Vall d’Hebron, Barcelona Hospital Campus, Barcelona, Spain


Introduction: Central precocious puberty (CPP) at a very early age is usually caused by an organic lesion. The most common organic cause of CCP is the hypothalamic hamartoma (HH), which, associated with polysyndactyly, cleft palate and gelastic crises, clinically suggests the diagnosis of Pallister Hall Syndrome.

Case: Infant 3-month-old woman with no family history. Polydactyly in hands and feet is evident from the second trimester of pregnancy. Born at 41 weeks. Weight 3330 g, length 52 cm, cephalic perimeter 33 cm. Posterior cleft palate, and polysyndactyly in hands and feet. Echocardiography evidences ostium secundum -type interauricular communication. From the first months of life, she reports stereotyped episodes of facial expression change, such as sudden laughing or crying of about 4-5 seconds suggestive of gelastic seizures. At 6 months of age, consultation for vaginal bleeding present from birth, with frequencies 1–2 times a month. Bilateral breast tissue was observed with hyperpigmented areolas, visible urinary meatus and vaginal introitus where the vaginal wall protrudes, so that, in view of this finding, she is transferred for assessment and follow-up by urology. We performed a peak GnRH stimulation test of LH and 79 U/l and FSH of 16.26 U/l, Estradiol 116.47 pg/ml, findings compatible with central precocious puberty. MRI showed an oval, solid, suprasellar lesion measuring 20×18×13 mm in diameter, compatible with pedunculated hypothalamic hamartoma. In pelvic MRI of uterus increased in size, with a cervix / fundus ratio greater than 1 with marked endometrial thickening. We successfully treated her with GnRh analogues (aGnRH), initial dose of 1875 mg: 0, 14, 28 days and then with 1,875 mg every 28 days. A genetic study was performed with the result GLI3 GEN: pathogenesis mutation not described: exon 15 c.3439G> T confirming the diagnosis of Pallister Hall syndrome. Gelastic seizures were treated with oxacarbamazepine, and the surgical resolution of the cleft palate and polysyndactyly was performed.
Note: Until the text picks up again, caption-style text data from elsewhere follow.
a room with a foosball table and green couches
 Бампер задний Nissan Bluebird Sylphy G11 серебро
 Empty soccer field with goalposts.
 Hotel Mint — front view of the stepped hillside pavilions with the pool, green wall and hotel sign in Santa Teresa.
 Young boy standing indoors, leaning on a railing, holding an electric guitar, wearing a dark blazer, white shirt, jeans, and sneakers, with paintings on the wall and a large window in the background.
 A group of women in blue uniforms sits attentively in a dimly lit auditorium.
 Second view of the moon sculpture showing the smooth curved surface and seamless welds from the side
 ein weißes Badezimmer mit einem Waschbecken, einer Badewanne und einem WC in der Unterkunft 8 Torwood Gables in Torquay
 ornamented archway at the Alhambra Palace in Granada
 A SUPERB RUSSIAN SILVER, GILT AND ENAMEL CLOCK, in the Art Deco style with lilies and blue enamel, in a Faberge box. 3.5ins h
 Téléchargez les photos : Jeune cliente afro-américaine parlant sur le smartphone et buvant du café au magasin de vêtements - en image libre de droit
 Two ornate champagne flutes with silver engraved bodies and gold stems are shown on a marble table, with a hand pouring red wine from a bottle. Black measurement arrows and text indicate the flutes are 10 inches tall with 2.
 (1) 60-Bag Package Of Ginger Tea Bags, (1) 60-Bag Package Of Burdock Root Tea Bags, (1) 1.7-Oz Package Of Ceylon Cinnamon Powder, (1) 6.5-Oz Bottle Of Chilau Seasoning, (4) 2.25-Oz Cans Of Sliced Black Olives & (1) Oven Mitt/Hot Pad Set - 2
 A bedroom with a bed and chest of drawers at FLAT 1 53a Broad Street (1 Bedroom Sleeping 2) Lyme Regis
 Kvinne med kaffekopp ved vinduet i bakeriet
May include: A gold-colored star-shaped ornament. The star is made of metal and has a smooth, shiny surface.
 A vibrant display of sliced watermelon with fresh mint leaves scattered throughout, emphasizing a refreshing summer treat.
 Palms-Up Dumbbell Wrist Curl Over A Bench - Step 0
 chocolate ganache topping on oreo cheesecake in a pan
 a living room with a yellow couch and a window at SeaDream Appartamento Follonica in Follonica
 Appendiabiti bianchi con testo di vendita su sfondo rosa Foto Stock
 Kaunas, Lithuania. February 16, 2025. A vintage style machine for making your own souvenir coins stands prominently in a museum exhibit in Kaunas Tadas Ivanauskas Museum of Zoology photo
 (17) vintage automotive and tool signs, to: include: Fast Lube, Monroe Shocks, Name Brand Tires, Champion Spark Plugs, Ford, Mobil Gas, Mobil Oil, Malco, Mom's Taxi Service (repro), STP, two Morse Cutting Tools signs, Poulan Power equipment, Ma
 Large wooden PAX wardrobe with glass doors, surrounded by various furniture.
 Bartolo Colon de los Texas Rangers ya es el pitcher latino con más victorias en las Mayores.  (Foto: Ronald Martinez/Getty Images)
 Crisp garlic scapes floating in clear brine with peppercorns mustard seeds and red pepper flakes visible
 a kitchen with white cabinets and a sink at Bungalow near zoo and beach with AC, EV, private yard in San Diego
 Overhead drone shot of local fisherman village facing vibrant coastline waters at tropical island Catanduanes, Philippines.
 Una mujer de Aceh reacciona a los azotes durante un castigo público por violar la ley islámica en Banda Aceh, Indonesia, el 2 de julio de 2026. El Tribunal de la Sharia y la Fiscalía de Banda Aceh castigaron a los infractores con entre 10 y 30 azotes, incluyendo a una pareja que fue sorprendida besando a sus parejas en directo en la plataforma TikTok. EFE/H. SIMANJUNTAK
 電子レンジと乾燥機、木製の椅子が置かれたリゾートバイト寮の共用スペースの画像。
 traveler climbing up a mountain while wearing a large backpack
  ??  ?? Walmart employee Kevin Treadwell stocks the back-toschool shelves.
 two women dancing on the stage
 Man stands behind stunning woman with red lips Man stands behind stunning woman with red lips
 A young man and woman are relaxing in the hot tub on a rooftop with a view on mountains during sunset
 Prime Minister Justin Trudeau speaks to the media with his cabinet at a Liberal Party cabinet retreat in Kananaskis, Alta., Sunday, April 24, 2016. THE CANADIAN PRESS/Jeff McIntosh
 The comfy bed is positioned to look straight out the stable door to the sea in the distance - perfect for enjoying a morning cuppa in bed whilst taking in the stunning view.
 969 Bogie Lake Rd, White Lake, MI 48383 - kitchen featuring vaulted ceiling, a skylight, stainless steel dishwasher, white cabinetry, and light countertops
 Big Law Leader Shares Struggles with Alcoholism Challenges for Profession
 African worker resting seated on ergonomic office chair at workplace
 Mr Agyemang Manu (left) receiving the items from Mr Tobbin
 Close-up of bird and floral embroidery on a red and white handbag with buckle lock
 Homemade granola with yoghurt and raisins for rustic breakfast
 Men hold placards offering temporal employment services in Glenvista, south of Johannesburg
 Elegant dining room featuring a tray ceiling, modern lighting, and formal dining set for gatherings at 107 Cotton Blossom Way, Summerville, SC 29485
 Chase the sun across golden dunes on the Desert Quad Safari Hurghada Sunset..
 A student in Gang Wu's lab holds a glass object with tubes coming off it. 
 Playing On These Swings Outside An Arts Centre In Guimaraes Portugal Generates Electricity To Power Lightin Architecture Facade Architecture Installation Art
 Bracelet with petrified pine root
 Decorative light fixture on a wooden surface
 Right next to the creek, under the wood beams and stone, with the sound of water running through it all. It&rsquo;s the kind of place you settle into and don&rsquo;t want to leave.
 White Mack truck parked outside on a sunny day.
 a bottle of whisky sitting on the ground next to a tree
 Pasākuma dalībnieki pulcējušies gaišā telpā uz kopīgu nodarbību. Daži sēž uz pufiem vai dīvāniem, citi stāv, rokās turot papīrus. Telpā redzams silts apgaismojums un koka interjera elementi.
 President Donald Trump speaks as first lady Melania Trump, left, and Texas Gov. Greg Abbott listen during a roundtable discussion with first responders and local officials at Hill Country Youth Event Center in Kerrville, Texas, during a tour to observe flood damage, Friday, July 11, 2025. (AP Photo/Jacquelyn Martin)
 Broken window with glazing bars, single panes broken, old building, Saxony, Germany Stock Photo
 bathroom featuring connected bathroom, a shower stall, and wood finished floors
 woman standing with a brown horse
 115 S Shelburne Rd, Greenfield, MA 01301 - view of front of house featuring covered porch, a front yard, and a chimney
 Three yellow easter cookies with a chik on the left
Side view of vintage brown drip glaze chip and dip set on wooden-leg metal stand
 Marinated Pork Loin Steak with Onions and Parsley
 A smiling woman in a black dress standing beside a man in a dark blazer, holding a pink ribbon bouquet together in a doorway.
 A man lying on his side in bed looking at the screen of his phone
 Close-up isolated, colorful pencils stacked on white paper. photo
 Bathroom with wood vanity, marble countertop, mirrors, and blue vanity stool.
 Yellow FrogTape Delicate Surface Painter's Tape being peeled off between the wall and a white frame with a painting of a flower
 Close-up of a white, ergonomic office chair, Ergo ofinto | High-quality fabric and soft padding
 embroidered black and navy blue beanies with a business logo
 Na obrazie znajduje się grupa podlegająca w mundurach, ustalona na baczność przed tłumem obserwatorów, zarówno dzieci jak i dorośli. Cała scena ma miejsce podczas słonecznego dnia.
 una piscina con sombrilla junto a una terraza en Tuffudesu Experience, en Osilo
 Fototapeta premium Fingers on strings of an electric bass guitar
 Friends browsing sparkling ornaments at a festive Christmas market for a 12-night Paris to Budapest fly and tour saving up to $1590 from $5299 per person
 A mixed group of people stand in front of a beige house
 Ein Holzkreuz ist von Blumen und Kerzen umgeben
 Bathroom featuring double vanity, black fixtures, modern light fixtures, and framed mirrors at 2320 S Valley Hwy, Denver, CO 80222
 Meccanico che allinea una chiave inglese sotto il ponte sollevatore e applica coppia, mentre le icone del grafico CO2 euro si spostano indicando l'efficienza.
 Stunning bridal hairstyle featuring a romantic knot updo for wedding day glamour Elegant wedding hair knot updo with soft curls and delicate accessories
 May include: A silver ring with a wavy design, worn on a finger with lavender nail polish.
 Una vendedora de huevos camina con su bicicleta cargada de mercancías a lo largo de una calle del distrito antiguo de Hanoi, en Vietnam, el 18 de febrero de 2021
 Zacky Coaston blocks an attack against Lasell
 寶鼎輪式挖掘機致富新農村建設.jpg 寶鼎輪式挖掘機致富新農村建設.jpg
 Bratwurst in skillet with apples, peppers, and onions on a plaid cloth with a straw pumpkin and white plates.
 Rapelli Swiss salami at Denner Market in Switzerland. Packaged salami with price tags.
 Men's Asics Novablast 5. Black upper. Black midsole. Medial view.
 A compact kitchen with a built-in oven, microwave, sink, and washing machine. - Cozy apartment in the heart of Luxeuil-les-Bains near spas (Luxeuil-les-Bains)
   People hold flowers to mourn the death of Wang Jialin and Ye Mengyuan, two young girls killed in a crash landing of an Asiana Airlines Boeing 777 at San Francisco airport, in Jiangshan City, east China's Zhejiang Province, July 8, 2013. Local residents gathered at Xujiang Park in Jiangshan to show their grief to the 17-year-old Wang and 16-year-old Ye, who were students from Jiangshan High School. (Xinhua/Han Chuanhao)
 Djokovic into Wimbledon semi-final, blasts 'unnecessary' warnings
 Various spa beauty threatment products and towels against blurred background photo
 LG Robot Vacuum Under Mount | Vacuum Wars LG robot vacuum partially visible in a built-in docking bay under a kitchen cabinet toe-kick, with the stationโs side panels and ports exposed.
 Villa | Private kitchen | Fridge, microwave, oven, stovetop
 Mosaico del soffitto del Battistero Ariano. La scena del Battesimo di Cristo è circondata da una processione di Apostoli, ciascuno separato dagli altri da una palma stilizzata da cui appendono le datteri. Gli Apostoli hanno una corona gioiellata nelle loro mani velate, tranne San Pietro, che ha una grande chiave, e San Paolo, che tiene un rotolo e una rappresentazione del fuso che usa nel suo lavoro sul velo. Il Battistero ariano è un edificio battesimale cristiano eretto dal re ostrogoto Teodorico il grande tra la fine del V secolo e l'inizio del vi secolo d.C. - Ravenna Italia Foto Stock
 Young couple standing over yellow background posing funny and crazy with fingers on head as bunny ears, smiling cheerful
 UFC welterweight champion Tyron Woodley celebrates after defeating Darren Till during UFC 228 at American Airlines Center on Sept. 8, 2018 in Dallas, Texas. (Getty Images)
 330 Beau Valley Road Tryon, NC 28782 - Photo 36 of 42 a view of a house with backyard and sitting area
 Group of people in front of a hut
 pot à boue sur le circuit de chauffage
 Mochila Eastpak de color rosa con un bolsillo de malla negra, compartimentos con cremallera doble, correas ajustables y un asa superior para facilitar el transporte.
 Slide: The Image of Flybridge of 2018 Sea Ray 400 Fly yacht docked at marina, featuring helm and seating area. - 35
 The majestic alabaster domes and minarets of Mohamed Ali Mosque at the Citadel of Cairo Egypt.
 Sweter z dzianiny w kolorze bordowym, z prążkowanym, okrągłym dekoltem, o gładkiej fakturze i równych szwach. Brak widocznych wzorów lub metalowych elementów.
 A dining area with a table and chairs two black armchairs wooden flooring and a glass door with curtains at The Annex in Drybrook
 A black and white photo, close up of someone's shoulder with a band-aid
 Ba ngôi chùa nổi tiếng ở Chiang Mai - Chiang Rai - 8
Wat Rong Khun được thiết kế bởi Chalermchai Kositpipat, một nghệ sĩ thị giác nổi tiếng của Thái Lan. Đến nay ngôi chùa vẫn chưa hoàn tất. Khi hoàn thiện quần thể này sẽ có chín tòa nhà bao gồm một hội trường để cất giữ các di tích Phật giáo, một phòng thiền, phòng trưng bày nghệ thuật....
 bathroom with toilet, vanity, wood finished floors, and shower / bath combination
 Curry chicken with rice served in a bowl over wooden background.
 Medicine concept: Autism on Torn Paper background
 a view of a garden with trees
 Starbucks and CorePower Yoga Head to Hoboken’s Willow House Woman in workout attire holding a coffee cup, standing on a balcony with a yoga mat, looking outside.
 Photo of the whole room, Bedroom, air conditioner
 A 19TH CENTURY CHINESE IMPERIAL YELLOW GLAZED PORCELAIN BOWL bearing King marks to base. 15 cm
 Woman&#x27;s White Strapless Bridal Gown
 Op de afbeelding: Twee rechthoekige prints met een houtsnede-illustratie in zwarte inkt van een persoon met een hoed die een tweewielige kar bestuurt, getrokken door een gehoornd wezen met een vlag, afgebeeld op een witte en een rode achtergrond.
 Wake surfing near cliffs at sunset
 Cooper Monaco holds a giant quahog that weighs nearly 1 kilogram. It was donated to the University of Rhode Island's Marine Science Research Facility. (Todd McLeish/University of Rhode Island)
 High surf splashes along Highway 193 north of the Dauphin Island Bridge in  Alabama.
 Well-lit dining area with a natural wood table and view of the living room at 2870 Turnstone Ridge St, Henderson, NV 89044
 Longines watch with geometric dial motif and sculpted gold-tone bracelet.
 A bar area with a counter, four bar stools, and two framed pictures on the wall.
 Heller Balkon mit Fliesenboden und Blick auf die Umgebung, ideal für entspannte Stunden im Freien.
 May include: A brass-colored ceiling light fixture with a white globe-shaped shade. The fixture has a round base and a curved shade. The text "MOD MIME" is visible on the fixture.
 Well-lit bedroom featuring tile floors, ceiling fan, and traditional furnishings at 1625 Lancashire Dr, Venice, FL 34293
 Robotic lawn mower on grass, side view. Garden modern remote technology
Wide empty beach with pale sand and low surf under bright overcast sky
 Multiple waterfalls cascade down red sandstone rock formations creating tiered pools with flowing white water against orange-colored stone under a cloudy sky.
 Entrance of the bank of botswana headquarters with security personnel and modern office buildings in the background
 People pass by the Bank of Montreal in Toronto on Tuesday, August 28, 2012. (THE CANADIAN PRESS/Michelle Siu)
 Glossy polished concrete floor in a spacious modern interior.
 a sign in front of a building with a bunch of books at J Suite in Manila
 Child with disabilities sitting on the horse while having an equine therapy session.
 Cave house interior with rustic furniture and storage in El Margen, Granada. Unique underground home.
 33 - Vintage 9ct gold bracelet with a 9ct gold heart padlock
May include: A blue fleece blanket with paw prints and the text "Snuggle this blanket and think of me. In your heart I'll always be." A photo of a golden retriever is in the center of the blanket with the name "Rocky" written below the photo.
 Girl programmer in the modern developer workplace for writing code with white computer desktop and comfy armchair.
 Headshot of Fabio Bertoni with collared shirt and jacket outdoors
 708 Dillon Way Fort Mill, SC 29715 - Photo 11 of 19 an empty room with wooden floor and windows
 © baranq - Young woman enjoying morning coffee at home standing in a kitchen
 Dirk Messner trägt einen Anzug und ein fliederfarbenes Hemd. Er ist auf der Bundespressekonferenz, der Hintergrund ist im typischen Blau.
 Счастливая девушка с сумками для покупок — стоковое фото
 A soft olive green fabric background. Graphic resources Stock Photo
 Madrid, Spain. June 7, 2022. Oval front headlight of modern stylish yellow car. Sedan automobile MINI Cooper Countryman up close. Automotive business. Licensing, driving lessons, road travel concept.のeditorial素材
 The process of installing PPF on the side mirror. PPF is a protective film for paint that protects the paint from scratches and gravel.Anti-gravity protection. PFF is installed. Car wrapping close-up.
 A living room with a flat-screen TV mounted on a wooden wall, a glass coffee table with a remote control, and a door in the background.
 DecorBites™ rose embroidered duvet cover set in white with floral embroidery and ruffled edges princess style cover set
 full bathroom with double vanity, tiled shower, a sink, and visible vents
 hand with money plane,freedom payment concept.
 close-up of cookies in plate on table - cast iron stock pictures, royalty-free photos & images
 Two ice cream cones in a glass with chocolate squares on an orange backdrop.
Conclusion: Precocious puberty at an early age with prolonged vaginal bleeding may be caused by an organic cause. Phenotypic anomalies with gelastic seizures lead us to a Pallister Hall syndrome. Our patient is one of the youngest infants presenting with CPP and HH in Spain and the treatment was successful after the first doses of aGnRH.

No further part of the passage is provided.